Collection entries:
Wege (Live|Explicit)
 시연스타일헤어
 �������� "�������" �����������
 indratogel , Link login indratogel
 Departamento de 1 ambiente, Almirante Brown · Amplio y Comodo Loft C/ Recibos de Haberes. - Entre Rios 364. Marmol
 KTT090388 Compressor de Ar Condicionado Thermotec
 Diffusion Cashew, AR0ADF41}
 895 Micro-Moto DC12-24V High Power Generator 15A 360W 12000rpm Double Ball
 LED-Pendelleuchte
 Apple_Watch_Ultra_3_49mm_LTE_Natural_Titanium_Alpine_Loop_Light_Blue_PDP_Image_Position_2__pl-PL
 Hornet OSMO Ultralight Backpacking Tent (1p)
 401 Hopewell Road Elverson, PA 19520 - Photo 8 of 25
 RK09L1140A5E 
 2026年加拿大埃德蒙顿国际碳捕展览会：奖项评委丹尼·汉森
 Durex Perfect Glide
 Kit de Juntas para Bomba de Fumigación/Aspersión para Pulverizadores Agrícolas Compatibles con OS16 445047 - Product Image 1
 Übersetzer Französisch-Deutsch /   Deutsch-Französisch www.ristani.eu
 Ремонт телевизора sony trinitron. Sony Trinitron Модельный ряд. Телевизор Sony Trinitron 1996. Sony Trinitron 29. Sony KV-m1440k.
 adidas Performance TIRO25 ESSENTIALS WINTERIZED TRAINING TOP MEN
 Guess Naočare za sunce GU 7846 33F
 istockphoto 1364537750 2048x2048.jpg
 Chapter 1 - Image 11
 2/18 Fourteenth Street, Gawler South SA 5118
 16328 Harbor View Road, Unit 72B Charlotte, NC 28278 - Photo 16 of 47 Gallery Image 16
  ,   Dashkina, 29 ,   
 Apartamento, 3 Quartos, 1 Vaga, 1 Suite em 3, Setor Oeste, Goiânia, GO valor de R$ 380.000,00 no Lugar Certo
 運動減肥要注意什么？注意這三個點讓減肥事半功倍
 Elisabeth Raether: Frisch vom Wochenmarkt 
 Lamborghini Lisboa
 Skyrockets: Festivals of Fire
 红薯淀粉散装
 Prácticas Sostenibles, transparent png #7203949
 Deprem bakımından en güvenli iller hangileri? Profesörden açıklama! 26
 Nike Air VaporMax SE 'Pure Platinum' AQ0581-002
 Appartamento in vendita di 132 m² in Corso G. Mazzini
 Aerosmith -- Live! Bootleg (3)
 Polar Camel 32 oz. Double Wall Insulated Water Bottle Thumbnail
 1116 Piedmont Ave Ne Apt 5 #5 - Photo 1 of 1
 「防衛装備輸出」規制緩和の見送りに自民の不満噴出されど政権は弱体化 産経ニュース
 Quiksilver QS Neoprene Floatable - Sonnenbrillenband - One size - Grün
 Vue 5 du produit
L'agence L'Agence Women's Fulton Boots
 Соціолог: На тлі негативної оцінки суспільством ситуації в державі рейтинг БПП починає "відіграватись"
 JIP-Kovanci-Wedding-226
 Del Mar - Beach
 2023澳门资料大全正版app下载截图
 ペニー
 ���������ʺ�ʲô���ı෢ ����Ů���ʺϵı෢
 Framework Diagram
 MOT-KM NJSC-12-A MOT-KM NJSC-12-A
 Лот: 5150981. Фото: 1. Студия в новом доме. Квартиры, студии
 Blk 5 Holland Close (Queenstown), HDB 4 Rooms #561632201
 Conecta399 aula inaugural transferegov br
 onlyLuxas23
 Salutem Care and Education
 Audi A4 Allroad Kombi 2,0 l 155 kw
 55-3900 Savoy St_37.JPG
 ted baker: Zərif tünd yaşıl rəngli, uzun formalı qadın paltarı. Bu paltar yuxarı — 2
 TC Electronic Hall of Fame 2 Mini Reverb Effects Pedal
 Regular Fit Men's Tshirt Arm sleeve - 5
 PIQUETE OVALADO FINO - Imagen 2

• **What to do**: Type out the entries again, word for word.

• **Task result**:
Wege (Live|Explicit)
 시연스타일헤어
 �������� "�������" �����������
 indratogel , Link login indratogel
 Departamento de 1 ambiente, Almirante Brown · Amplio y Comodo Loft C/ Recibos de Haberes. - Entre Rios 364. Marmol
 KTT090388 Compressor de Ar Condicionado Thermotec
 Diffusion Cashew, AR0ADF41}
 895 Micro-Moto DC12-24V High Power Generator 15A 360W 12000rpm Double Ball
 LED-Pendelleuchte
 Apple_Watch_Ultra_3_49mm_LTE_Natural_Titanium_Alpine_Loop_Light_Blue_PDP_Image_Position_2__pl-PL
 Hornet OSMO Ultralight Backpacking Tent (1p)
 401 Hopewell Road Elverson, PA 19520 - Photo 8 of 25
 RK09L1140A5E 
 2026年加拿大埃德蒙顿国际碳捕展览会：奖项评委丹尼·汉森
 Durex Perfect Glide
 Kit de Juntas para Bomba de Fumigación/Aspersión para Pulverizadores Agrícolas Compatibles con OS16 445047 - Product Image 1
 Übersetzer Französisch-Deutsch /   Deutsch-Französisch www.ristani.eu
 Ремонт телевизора sony trinitron. Sony Trinitron Модельный ряд. Телевизор Sony Trinitron 1996. Sony Trinitron 29. Sony KV-m1440k.
 adidas Performance TIRO25 ESSENTIALS WINTERIZED TRAINING TOP MEN
 Guess Naočare za sunce GU 7846 33F
 istockphoto 1364537750 2048x2048.jpg
 Chapter 1 - Image 11
 2/18 Fourteenth Street, Gawler South SA 5118
 16328 Harbor View Road, Unit 72B Charlotte, NC 28278 - Photo 16 of 47 Gallery Image 16
  ,   Dashkina, 29 ,   
 Apartamento, 3 Quartos, 1 Vaga, 1 Suite em 3, Setor Oeste, Goiânia, GO valor de R$ 380.000,00 no Lugar Certo
 運動減肥要注意什么？注意這三個點讓減肥事半功倍
 Elisabeth Raether: Frisch vom Wochenmarkt 
 Lamborghini Lisboa
 Skyrockets: Festivals of Fire
 红薯淀粉散装
 Prácticas Sostenibles, transparent png #7203949
 Deprem bakımından en güvenli iller hangileri? Profesörden açıklama! 26
 Nike Air VaporMax SE 'Pure Platinum' AQ0581-002
 Appartamento in vendita di 132 m² in Corso G. Mazzini
 Aerosmith -- Live! Bootleg (3)
 Polar Camel 32 oz. Double Wall Insulated Water Bottle Thumbnail
 1116 Piedmont Ave Ne Apt 5 #5 - Photo 1 of 1
 「防衛装備輸出」規制緩和の見送りに自民の不満噴出されど政権は弱体化 産経ニュース
 Quiksilver QS Neoprene Floatable - Sonnenbrillenband - One size - Grün
 Vue 5 du produit
L'agence L'Agence Women's Fulton Boots
 Соціолог: На тлі негативної оцінки суспільством ситуації в державі рейтинг БПП починає "відіграватись"
 JIP-Kovanci-Wedding-226
 Del Mar - Beach
 2023澳门资料大全正版app下载截图
 ペニー
 ���������ʺ�ʲô���ı෢ ����Ů���ʺϵı෢
 Framework Diagram
 MOT-KM NJSC-12-A MOT-KM NJSC-12-A
 Лот: 5150981. Фото: 1. Студия в новом доме. Квартиры, студии
 Blk 5 Holland Close (Queenstown), HDB 4 Rooms #561632201
 Conecta399 aula inaugural transferegov br
 onlyLuxas23
 Salutem Care and Education
 Audi A4 Allroad Kombi 2,0 l 155 kw
 55-3900 Savoy St_37.JPG
 ted baker: Zərif tünd yaşıl rəngli, uzun formalı qadın paltarı. Bu paltar yuxarı — 2
 TC Electronic Hall of Fame 2 Mini Reverb Effects Pedal
 Regular Fit Men's Tshirt Arm sleeve - 5
 PIQUETE OVALADO FINO - Imagen 2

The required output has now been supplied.